Search code examples
python-3.xpandasnumpyapplysapply

For every element in a list a, how to count how many times it appear in one specific column in another dataframe


For every element in a dict a, I need to count how many times the element in 'age' column appears in one specific column of another dataframe in pandas For example , I have a dict below:

a={'age':[22,38,26],'no':[1,2,3]} 

and I have another dataframe with a few columns

TableB= {'name': ['Braund', 'Cummings', 'Heikkinen', 'Allen'],
 'age': [22,38,26,35,41,22,38],
 'fare': [7.25, 71.83, 0 , 8.05,7,6.05,6], 
 'survived?': [False, True, True, False, True, False, True]}

I would like to know how many times every element in dict a appears in the column 'age' in TableB. The result I expect is c={'age':[22,38,26],'count':[2,2,1]}

I have tried apply function but it does not work. It comes with syntax error, I'm new to Pandas, could anyone please help with that?

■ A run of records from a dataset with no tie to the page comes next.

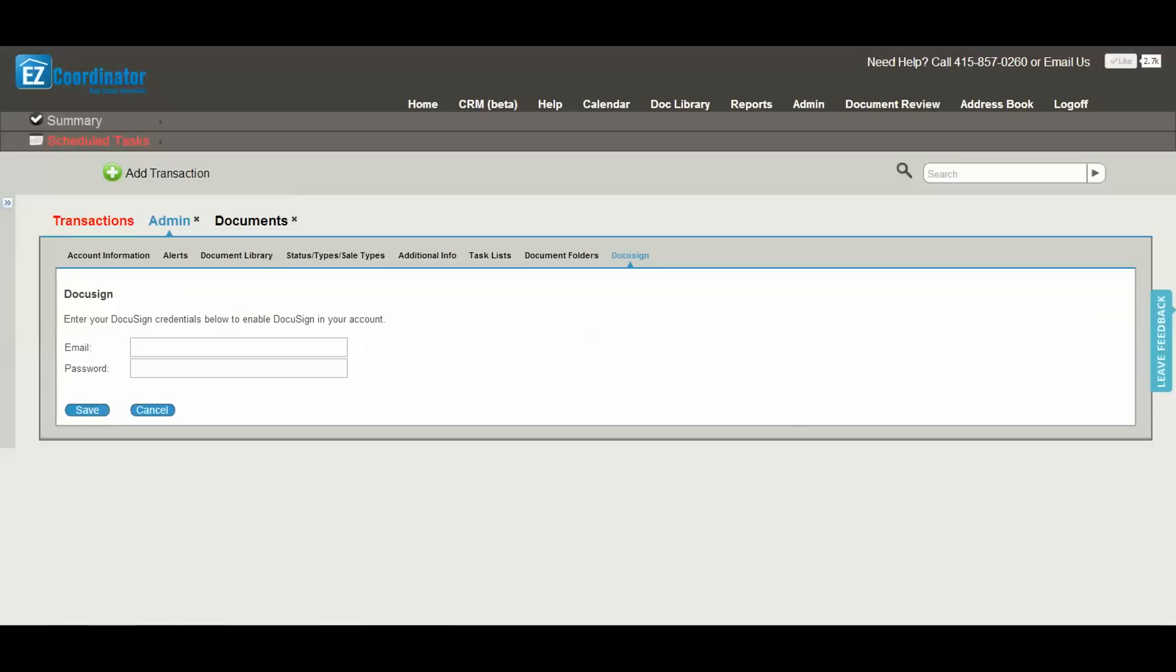That's the end of Quick Start video number one. Good luck, and if you have any questions using Easy Coordinator, please contact us for any assistance. Thank you.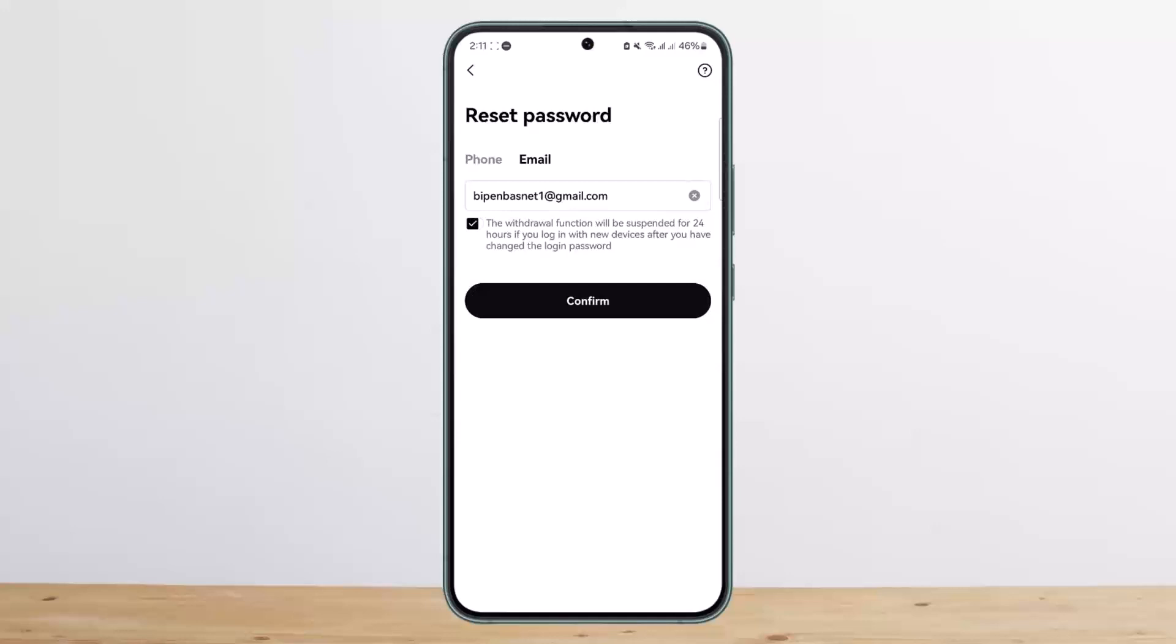Now, the withdrawal function will be suspended for 24 hours if you log in with a new device after you have changed the login password. So if you log in with your same old device, then your withdrawal function won't be suspended. But if you change your password or reset your password and then log in with a different device, your withdrawal function will be suspended.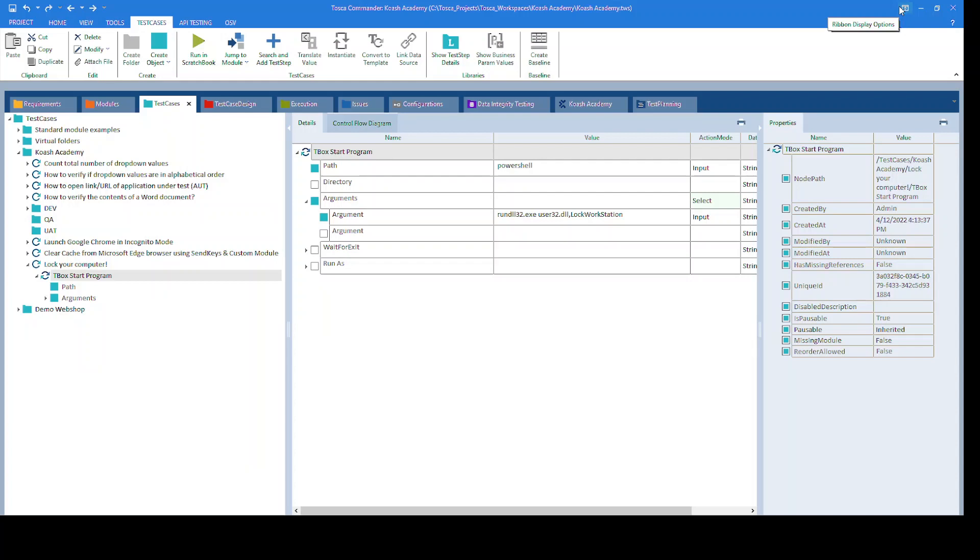Welcome to Gosha Academy. Today we are going to explore one interesting thing: how you can lock your computer using Tricentis Tosca.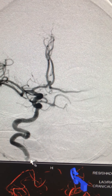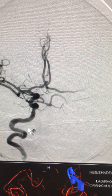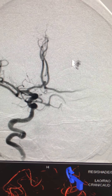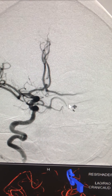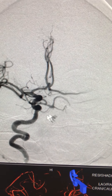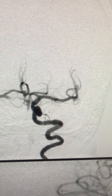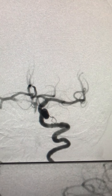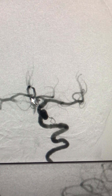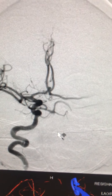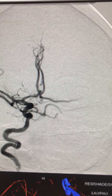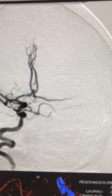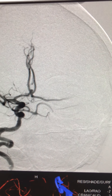It's a very small aneurysm with a reasonably wide neck. She has a lot of tortuosity in her vessels — cervical internal carotid artery as well as the petrous internal carotid artery. This is the angiogram with right internal carotid artery injection and left side as well. You can see it's a sidewall-type aneurysm, more on the right side.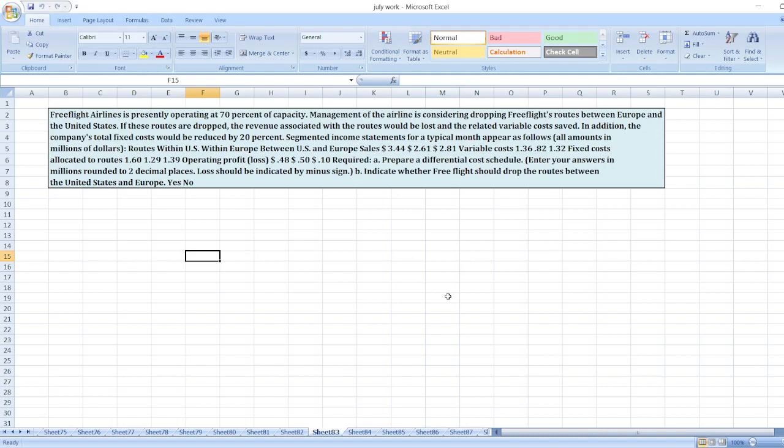Now, first of all, the requirement is to prepare a differential cost schedule. Second, indicate whether Free Flight should drop the routes between United States and Europe, yes or no. So here is our question.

Thank you!

 def myfunction(y):
    seriesObj = TableB.apply(lambda x: True if y in list(x) else False, axis=1)
    numOfRows = len(seriesObj[seriesObj == True].index)
    return numofRows
 c['age']=a['age']
 c['count']=a['age'].apply(myfunction)

I would like to know how many times every element in list a appears in the column 'age' in TableB. The result should be c={'age':[22,38,26],'count':[2,2,1]}


Solution

  • You can just use merging of data frames to filter out the values that don't appear in a and just count the values.

    import pandas as pd
    a={'age':[22,38,26],'no':[1,2,3]} 
    
    TableB= {'name': ['Braund', 'Cummings', 'Heikkinen', 'Allen', 'Jones', 'Davis', 'Smith'],
     'age': [22,38,26,35,41,22,38],
     'fare': [7.25, 71.83, 0 , 8.05,7,6.05,6], 
     'survived?': [False, True, True, False, True, False, True]}
    
    df_a = pd.DataFrame(a)
    df_tb = pd.DataFrame(TableB)
    (pd.merge(df_tb, df_a, on='age')['age']
       .value_counts()
       .rename('count')
       .rename_axis('age')
       .reset_index()
       .to_dict(orient='list'))
    {'age': [22, 38, 26], 'count': [2, 2, 1]}